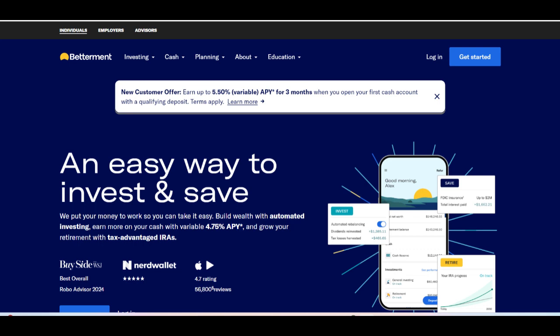Betterment Savings offers a competitive option for individuals looking to maximize their savings with a high-yield account. One of the standout positives of Betterment Savings is its attractive interest rates, which are typically higher than those offered by traditional banks. This allows users to earn more on their savings while still enjoying the convenience and accessibility of an online savings account.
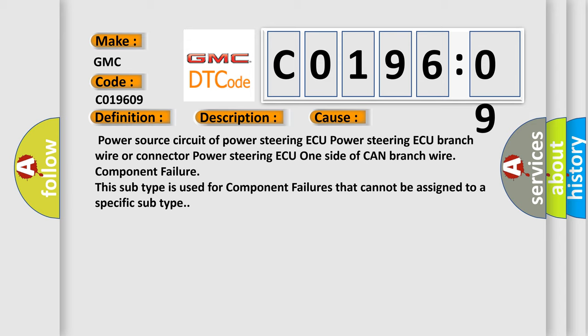Power source circuit of power steering ECU, power steering ECU branch wire or connector, power steering ECU one side of CAN branch wire component failure. This subtype is used for component failures that cannot be assigned to a specific subtype.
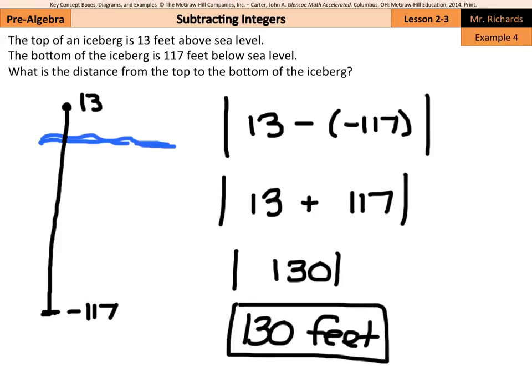And that is it for this lesson on subtracting integers. Just remember: keep, change, opposite. Good luck.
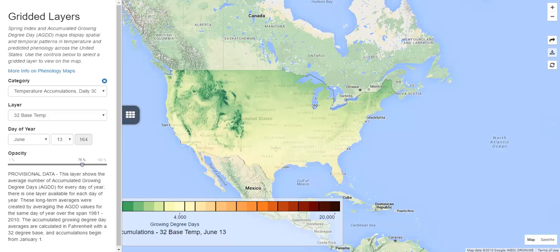In the next video, we'll look at the second type of phenology map you can explore in the visualization tool: the spring indices. We invite you to explore these maps to answer your own questions. For more information, visit the Phenology Maps page. For help, contact support at usanpn.org.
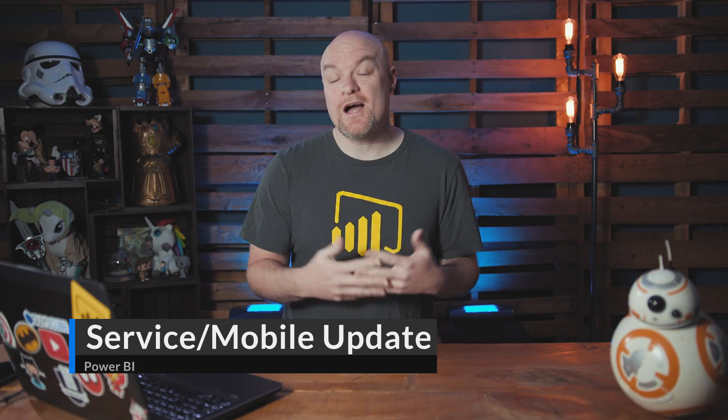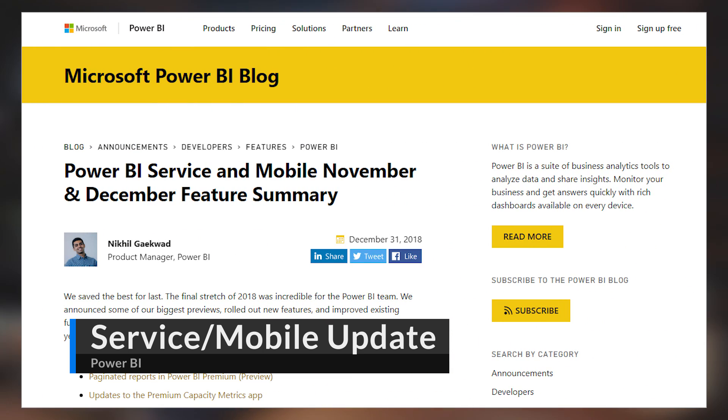There was a blog post that included the update summary for the Power BI service and the Power BI mobile app for both November and December. Some of the big items you may be familiar with include Power BI dataflows and paginated reports coming to Power BI. There were also some other updates, including updates to the premium capacity metrics app — which if you're using Power BI Premium, you should absolutely be looking at to understand what's happening inside of Power BI Premium — as well as some updates to the home screen and the release notes. Check out the blog post to see what all happened inside of November and December.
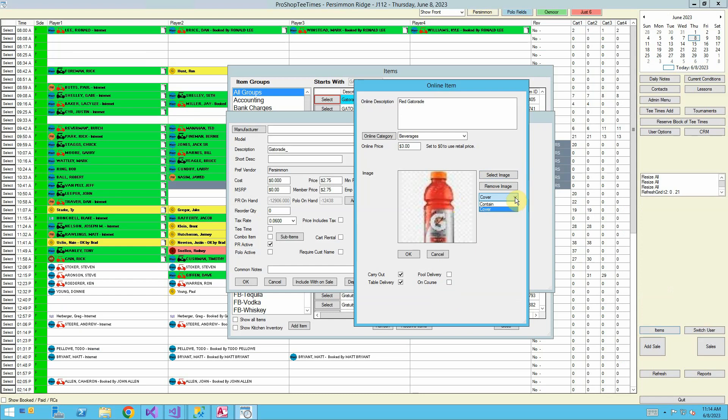Cover versus contain. That's just how the image is displayed on the website. So if it doesn't look right on the website when someone's ordering, you can come in and change it from cover to contain or from contain to cover and see if it looks better.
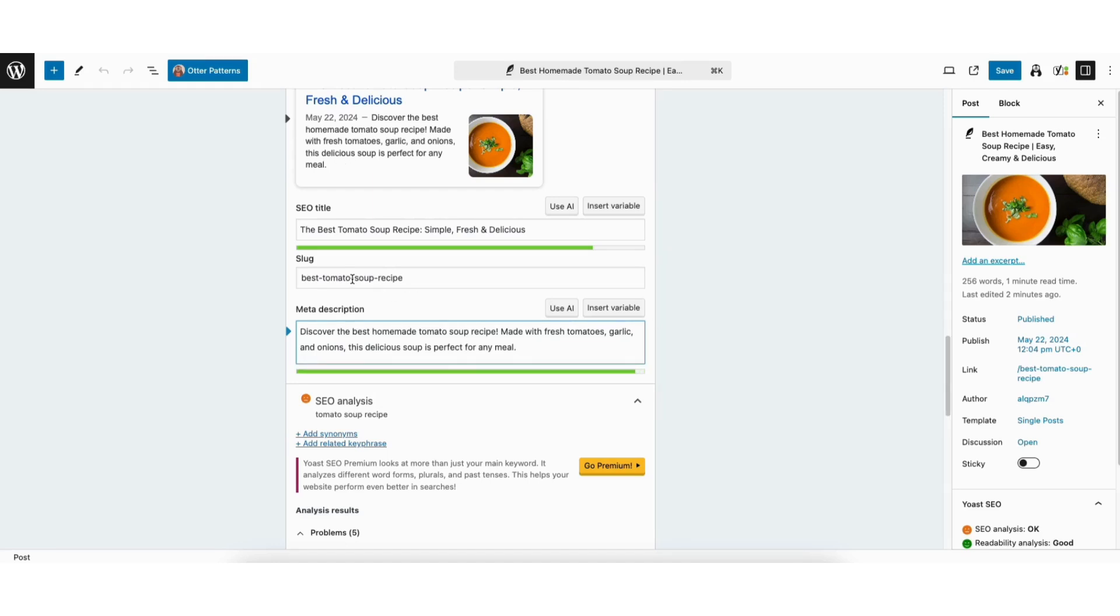Slug is the URL of the post or page on your WordPress website. You can make sure the keyword is in the slug or URL. You'll see mine has 'tomato soup recipe' in it, as this is the keyword I added.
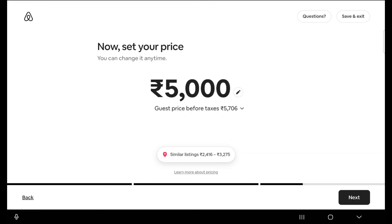Now you have to give pricing. This is not a fixed price — you have to work on pricing every day, weekly, or monthly, and increase or decrease it based on demand. I did very good market research in that area, so I know how it works. I am giving 5000 rupees for now. Click next.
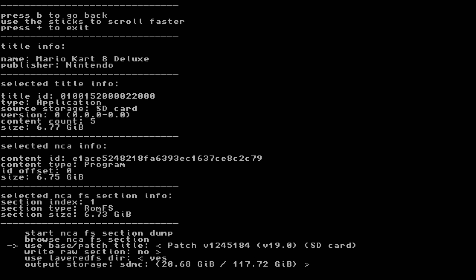If you use base/patch title, you can dump both the base game files with updated or newly added files from the update data. If you only want data from the base game, select No. I'll be keeping it on the patch for the video. Make sure Write Raw Section is set to No.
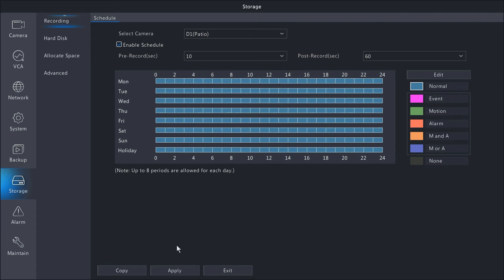Once you make those changes, make sure to hit apply down here on the bottom. There's actually a more detailed way you can edit the schedule.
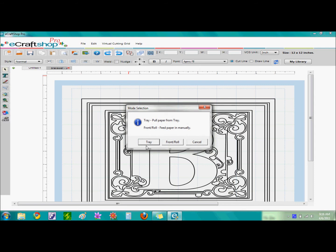Now we have a mode selection option. You can print from the tray or from the front roll option. I use the front roll option.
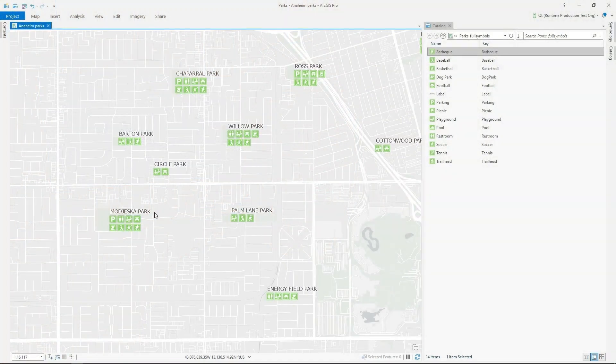Esri has created and hosted ready-to-use 2D and 3D web styles in the ArcGIS platform for you to use, as I've done here. You can also use web styles to publish your own custom symbols from ArcGIS Pro. In this example, we're looking at parks in Anaheim, California, using a dictionary style.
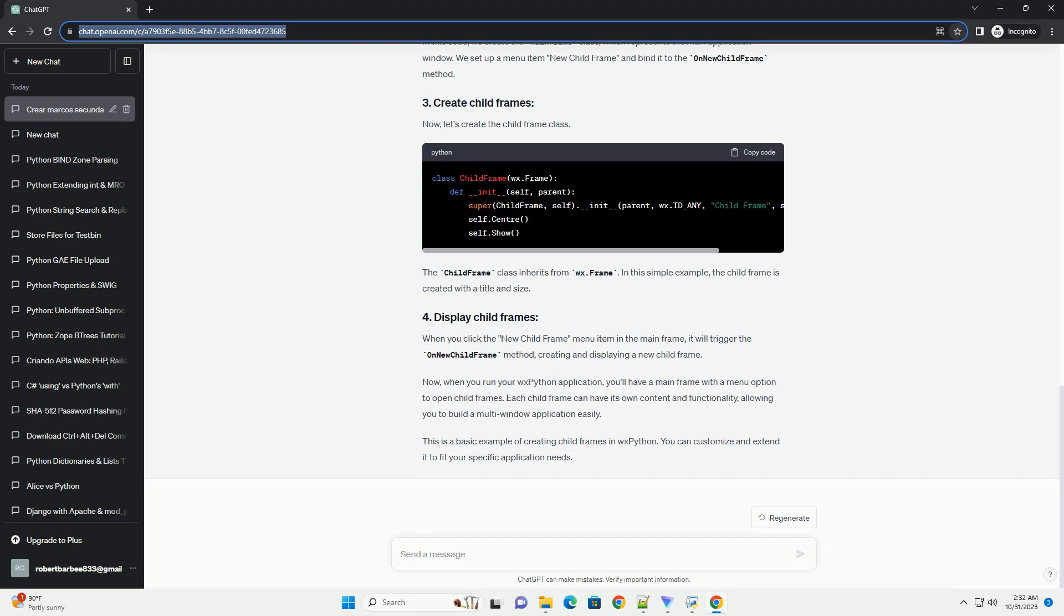Now, let's create the child frame class. The child frame class inherits from WX.frame. In this simple example, the child frame is created with a title and size.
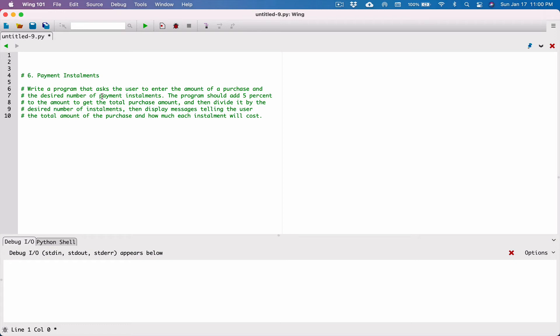The next program in chapter two is payment installment. Write a program that asks the user to enter the amount of a purchase and the desired number of payment installments. The program should add five percent to the amount to get the total purchase amount, and then divide it by the desired number of installments. Then display messages telling the user the total amount of the purchase and how much each installment will cost.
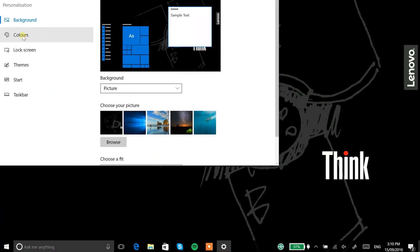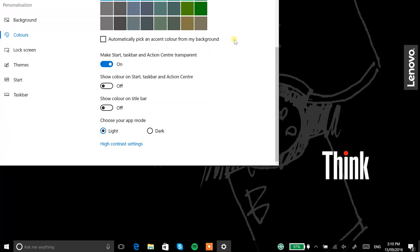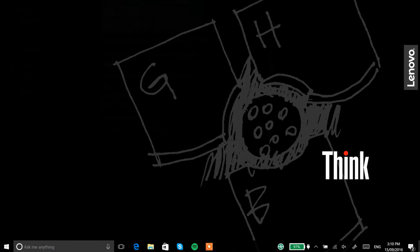On the left hand side of your screen you'll see Colors — click on that, and if you scroll right down to the bottom you'll have the option to choose your app mode, and there you'll have two options: Light and Dark. It's just as simple as that, and like I said you'll save battery life and it will just be nice to look at.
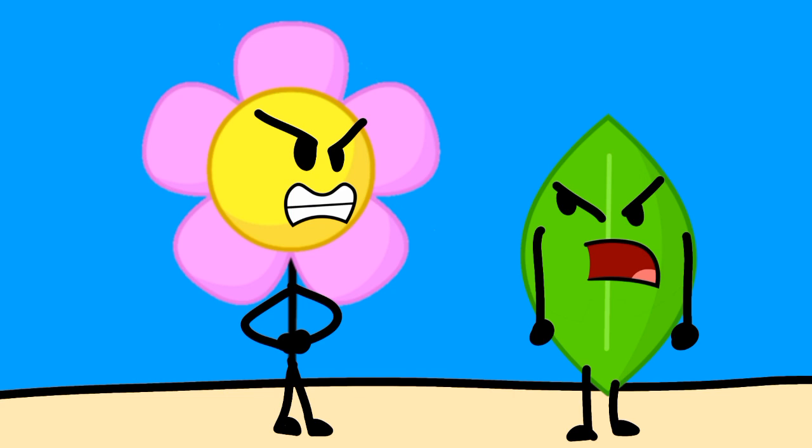Flower, even though I'm very nice, I hate you. Wait, no!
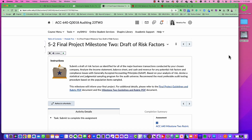Hello, this is Dr. Pez and I wanted to provide this video for you to go over your final project milestone — your draft of risk factors. In this milestone you are going to submit a draft of your risk factors as identified for all of the major business transactions conducted by your chosen entity. You're going to analyze the income statement and the balance sheet, especially cash and revenues, for any potential risk factors and any compliance issues with GAAP, generally accepted accounting principles.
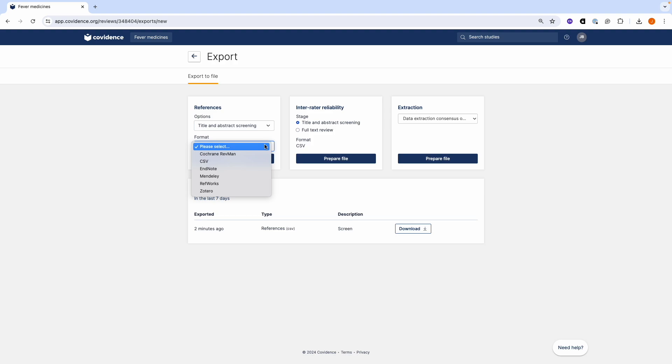You can also export files as a CSV. The CSV file format will include notes and tags that may have been added during your screening. These appear in the last two columns of the export file.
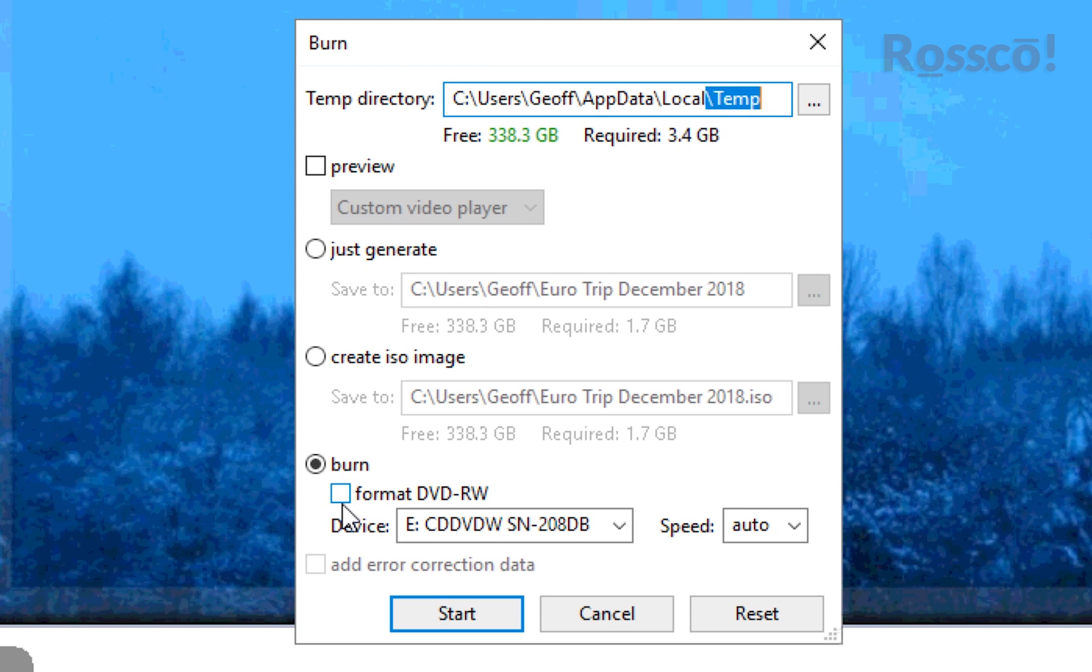Format DVD-RW—that's format DVD rewritable—we leave that unchecked. What that means is, if you had other files on that disk before, it will wipe everything off that disk.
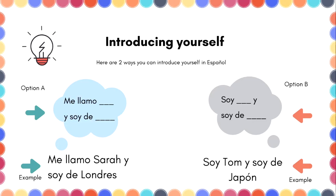You are saying in this example: I'm called [your name] and I'm from [your city or country]. Let's check that example. Me llamo Sara y soy de Londres. Me llamo Sara y soy de Londres.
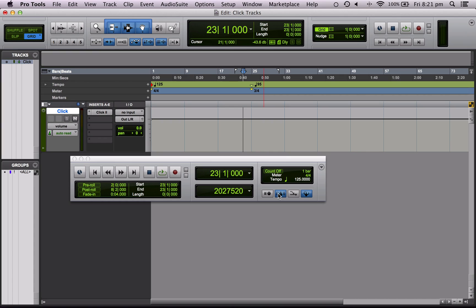So next time I'm going to be talking to you about sample rate and bit depth. So these are the settings that come up when you create a new session. Thanks for watching. Hope it's been useful and I'll see you next time.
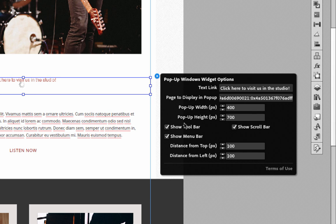Now we have a couple of check boxes here for hiding and showing various items on the actual browser window. So the toolbar, the menu bar, and scroll bar. Now be forewarned on these options that they are very browser specific.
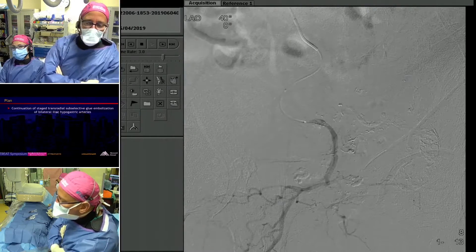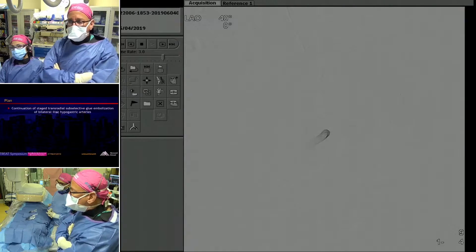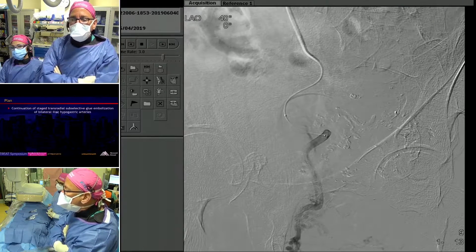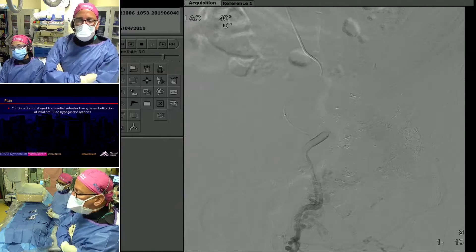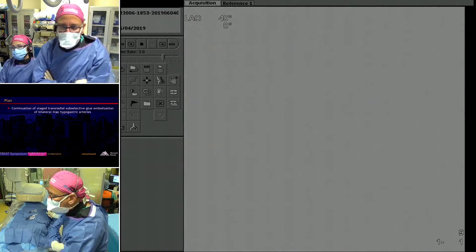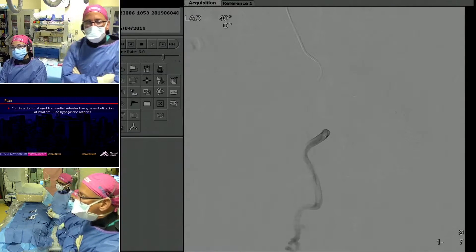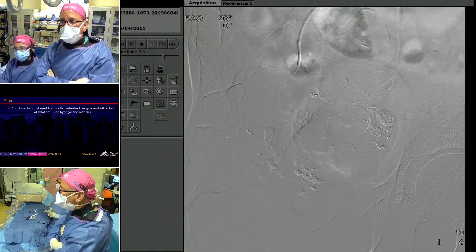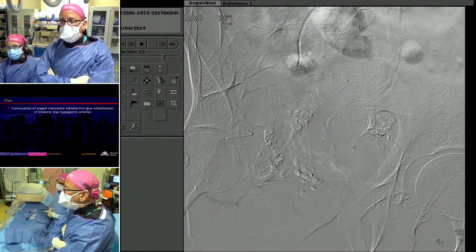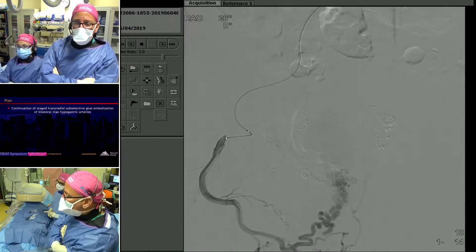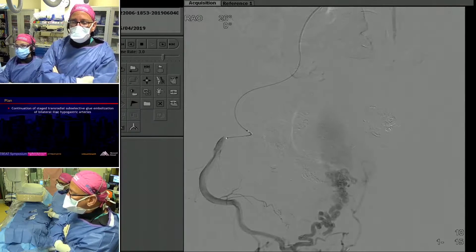Same normal anatomy on the next runs. Again the obturator, and again you're seeing just a lot of normal pelvic floor branches, which I thought was not worth the risk to try and sacrifice. That's just showing how that's a posterior branch — that's likely the obturator.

### TRY IT
From the entries above, output every line exactly and omit any image.

### WRITTEN REPLY
Betterment Savings offers a competitive option for individuals looking to maximize their savings with a high-yield account. One of the standout positives of Betterment Savings is its attractive interest rates, which are typically higher than those offered by traditional banks. This allows users to earn more on their savings while still enjoying the convenience and accessibility of an online savings account.
Power source circuit of power steering ECU, power steering ECU branch wire or connector, power steering ECU one side of CAN branch wire component failure. This subtype is used for component failures that cannot be assigned to a specific subtype.
And that is it for this lesson on subtracting integers. Just remember: keep, change, opposite. Good luck.
In the next video, we'll look at the second type of phenology map you can explore in the visualization tool: the spring indices. We invite you to explore these maps to answer your own questions. For more information, visit the Phenology Maps page. For help, contact support at usanpn.org.
There was a blog post that included the update summary for the Power BI service and the Power BI mobile app for both November and December. Some of the big items you may be familiar with include Power BI dataflows and paginated reports coming to Power BI. There were also some other updates, including updates to the premium capacity metrics app — which if you're using Power BI Premium, you should absolutely be looking at to understand what's happening inside of Power BI Premium — as well as some updates to the home screen and the release notes. Check out the blog post to see what all happened inside of November and December.
Cover versus contain. That's just how the image is displayed on the website. So if it doesn't look right on the website when someone's ordering, you can come in and change it from cover to contain or from contain to cover and see if it looks better.
Slug is the URL of the post or page on your WordPress website. You can make sure the keyword is in the slug or URL. You'll see mine has 'tomato soup recipe' in it, as this is the keyword I added.
Now you have to give pricing. This is not a fixed price — you have to work on pricing every day, weekly, or monthly, and increase or decrease it based on demand. I did very good market research in that area, so I know how it works. I am giving 5000 rupees for now. Click next.
If you use base/patch title, you can dump both the base game files with updated or newly added files from the update data. If you only want data from the base game, select No. I'll be keeping it on the patch for the video. Make sure Write Raw Section is set to No.
Once you make those changes, make sure to hit apply down here on the bottom. There's actually a more detailed way you can edit the schedule.
Now we have a mode selection option. You can print from the tray or from the front roll option. I use the front roll option.
Esri has created and hosted ready-to-use 2D and 3D web styles in the ArcGIS platform for you to use, as I've done here. You can also use web styles to publish your own custom symbols from ArcGIS Pro. In this example, we're looking at parks in Anaheim, California, using a dictionary style.
Now, let's create the child frame class. The child frame class inherits from WX.frame. In this simple example, the child frame is created with a title and size.
The next program in chapter two is payment installment. Write a program that asks the user to enter the amount of a purchase and the desired number of payment installments. The program should add five percent to the amount to get the total purchase amount, and then divide it by the desired number of installments. Then display messages telling the user the total amount of the purchase and how much each installment will cost.
On the left hand side of your screen you'll see Colors — click on that, and if you scroll right down to the bottom you'll have the option to choose your app mode, and there you'll have two options: Light and Dark. It's just as simple as that, and like I said you'll save battery life and it will just be nice to look at.
Flower, even though I'm very nice, I hate you. Wait, no!
Hello, this is Dr. Pez and I wanted to provide this video for you to go over your final project milestone — your draft of risk factors. In this milestone you are going to submit a draft of your risk factors as identified for all of the major business transactions conducted by your chosen entity. You're going to analyze the income statement and the balance sheet, especially cash and revenues, for any potential risk factors and any compliance issues with GAAP, generally accepted accounting principles.
You can also export files as a CSV. The CSV file format will include notes and tags that may have been added during your screening. These appear in the last two columns of the export file.
Format DVD-RW—that's format DVD rewritable—we leave that unchecked. What that means is, if you had other files on that disk before, it will wipe everything off that disk.
You are saying in this example: I'm called [your name] and I'm from [your city or country]. Let's check that example. Me llamo Sara y soy de Londres. Me llamo Sara y soy de Londres.
So next time I'm going to be talking to you about sample rate and bit depth. So these are the settings that come up when you create a new session. Thanks for watching. Hope it's been useful and I'll see you next time.
Now we have a couple of check boxes here for hiding and showing various items on the actual browser window. So the toolbar, the menu bar, and scroll bar. Now be forewarned on these options that they are very browser specific.
Same normal anatomy on the next runs. Again the obturator, and again you're seeing just a lot of normal pelvic floor branches, which I thought was not worth the risk to try and sacrifice. That's just showing how that's a posterior branch — that's likely the obturator.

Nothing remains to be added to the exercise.